Monday, July 12, 2004

Request for Help - A Tough Blakely Question

A reader of this blog has written to me in the hopes that other readers of this blog might offer some advice. He poses a tough question, which you can respond to using the comments or by emailing me (if you too want to conceal your identity) at jph2026@columbia.edu. The readers asks the following:

I'm representing a defendant in a typical federal drug conspiracy case, who is facing a plea or trial decision in the next week. I'm contemplating making a motion to strike or dismiss Blakely-mandated sentencing factors I expect to see shortly in a superseding indictment. This would serve my long-term goal of trying to get a ruling that the non-offending portions of the guidelines are not severable so the judge will simply be able to impose an entirely discretionary sentence. See Croxford,

Freed of all restrictions, the judge would likely give probation if my client pleaded guilty but the indictment alleges an 841(b)(1)(A) conspiracy, with a ten-year mandatory minimum based on drugs actually recovered. As you know, section 3553(f) provides for so-called "safety-valve" relief from mandatory minimums but disqualifies defendants who were "supervisor[s] of others in the offense," section 3553(f)(4). My client, a drug dealer's girlfriend who "recruited" a courier, would likely be disqualified under this provision, regardless of whether the determination were made by a judge or jury. Accordingly, unless I could knock out this provision from the safety-valve statute, my client wouldn't be able to get less than the ten-year mandatory minimum sentence.
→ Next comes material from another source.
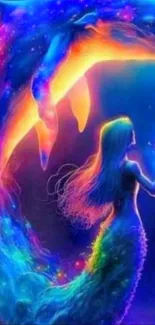 Colorful mermaid and dolphin in cosmic underwater art.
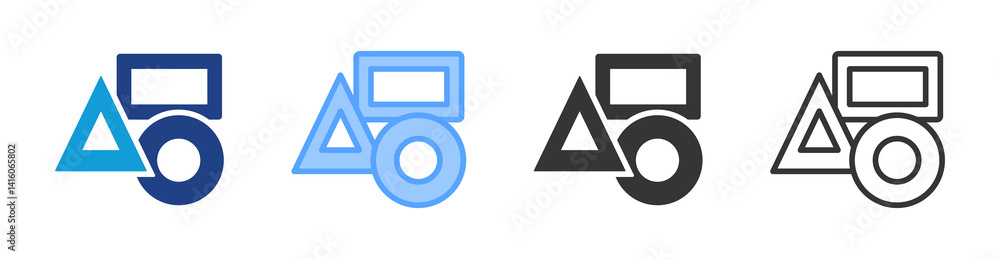 Poster Shaping icon set multiple style collection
Therefore, I'm trying (without great hope, I'm afraid) to develop the following argument: While the guidelines are non-severable, section 3553(f) itself is. The court should stike subsection 3553(f)(4)--because it cross references a "determination" that was supposed to have been made under now-defunct guidelines section 5C1.2. It should then determine safety-valve eligibility without regard to role in the offense because there will no longer be any possibility of "determin[ing] under the sentencing guidelines," whether the defendant had a supervisory role.

I'm afraid that even if the court finds the guidelines non-severable, the cross reference to a "determination under the sentencing guidelines" will simply be transformed into a determination under 3553(f)(4) itself using caselaw developed under the defunct guidelines provision. Theoretically, freed somewhat from jurisprudence under the former guidelines, the court could articulate a more restrictive (and more favorable) common-law definition of "supervisor" under 3553(f)(4) itself. Nevertheless, I would be surprised if it differed materially from the old interpretations under section 5C1.2 and I would expect all of that caselaw under the former guidelines to be applied by analogy. Moreover, as Congress clearly intended 3553(f) to apply only to non-supervisors, it would be challenging to argue that 3553(f)(4) could be severed so that the other safety-valve factors (which my client could satisfy) should be applied without regard to consideration of whether a defendant had an aggravating role in the offense.

So, this seems like a daunting challenge but I wonder if anyone else has any thoughts on how to use Blakely to invalidate cross references to guideline provisions in this or other criminal statutes.